Data excerpt START

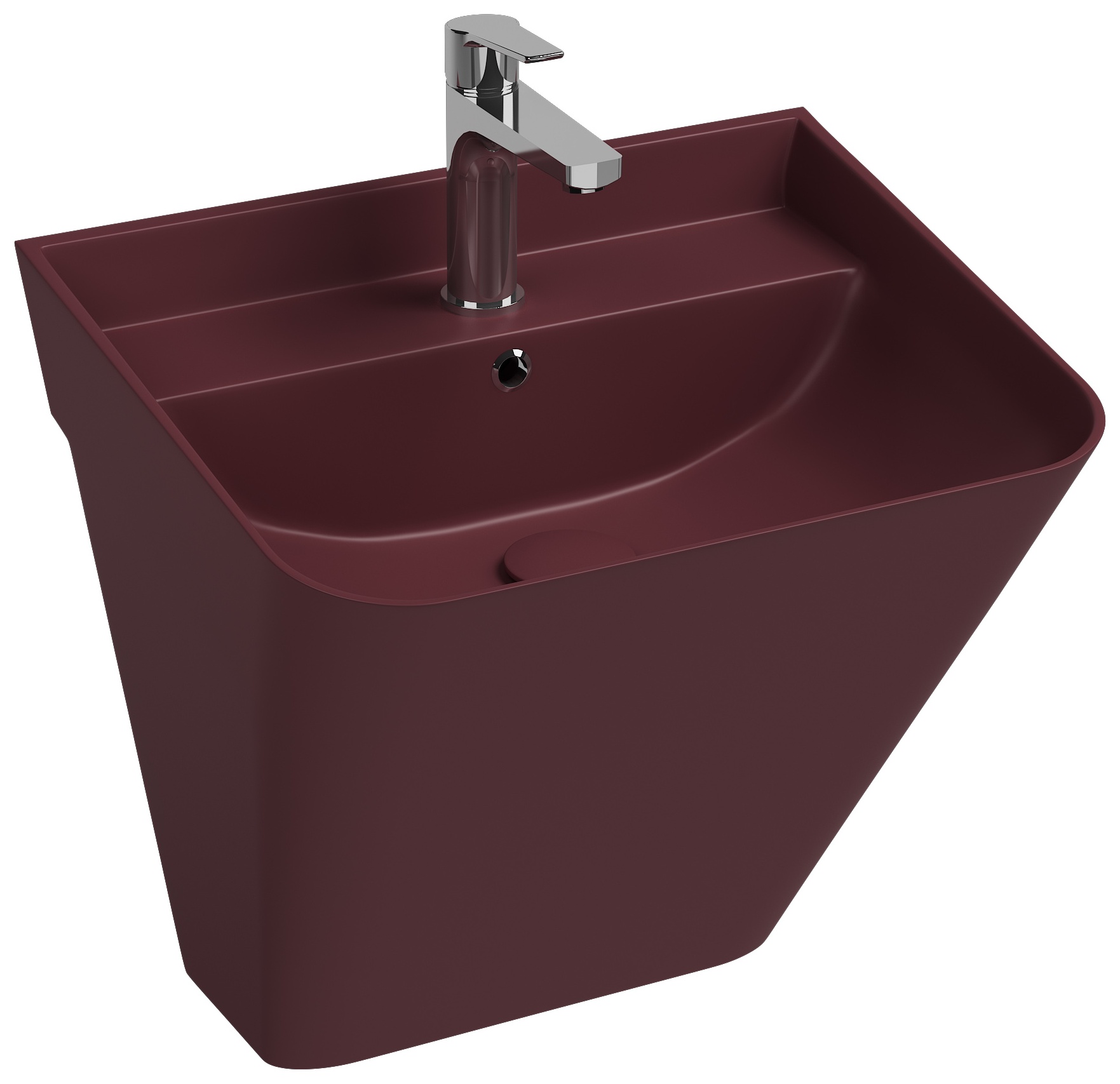 Sott'Aqua Wall-Hung Monobloc Washbasin 50 cm Rustic Burgundy
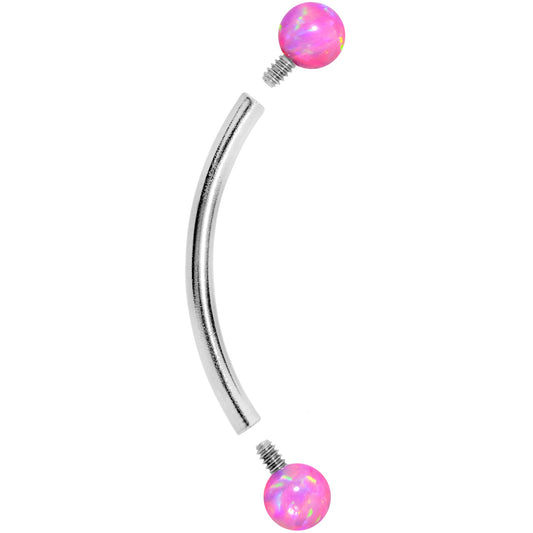 16G 9/16 3mm Pink Synthetic Opal Curved Barbell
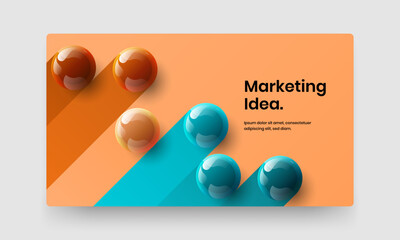 Isolated 3D spheres corporate cover template. Unique site vector design illustration.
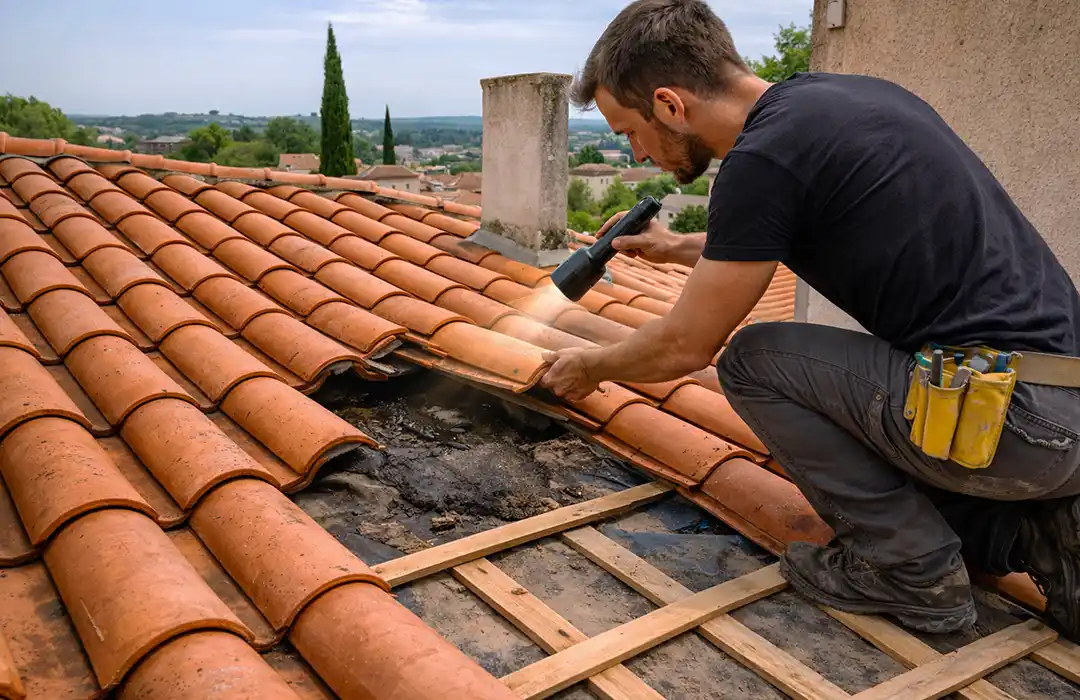 Un homme en tenue de travail répare un toit de tuiles rouges au cours d'une recherche de fuite de toiture, en utilisant une lampe de poche pour inspecter les dégâts. Il est agenouillé, tenant une planche de bois, avec des outils dans sa pochette de ceinture et des tuiles soulevées pour exposer la sous-couche noire en dessous.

Data excerpt END

Leave the pictures out and output all of the data verbatim.

 Sott'Aqua Wall-Hung Monobloc Washbasin 50 cm Rustic Burgundy
 16G 9/16 3mm Pink Synthetic Opal Curved Barbell
 Isolated 3D spheres corporate cover template. Unique site vector design illustration.
 Un homme en tenue de travail répare un toit de tuiles rouges au cours d'une recherche de fuite de toiture, en utilisant une lampe de poche pour inspecter les dégâts. Il est agenouillé, tenant une planche de bois, avec des outils dans sa pochette de ceinture et des tuiles soulevées pour exposer la sous-couche noire en dessous.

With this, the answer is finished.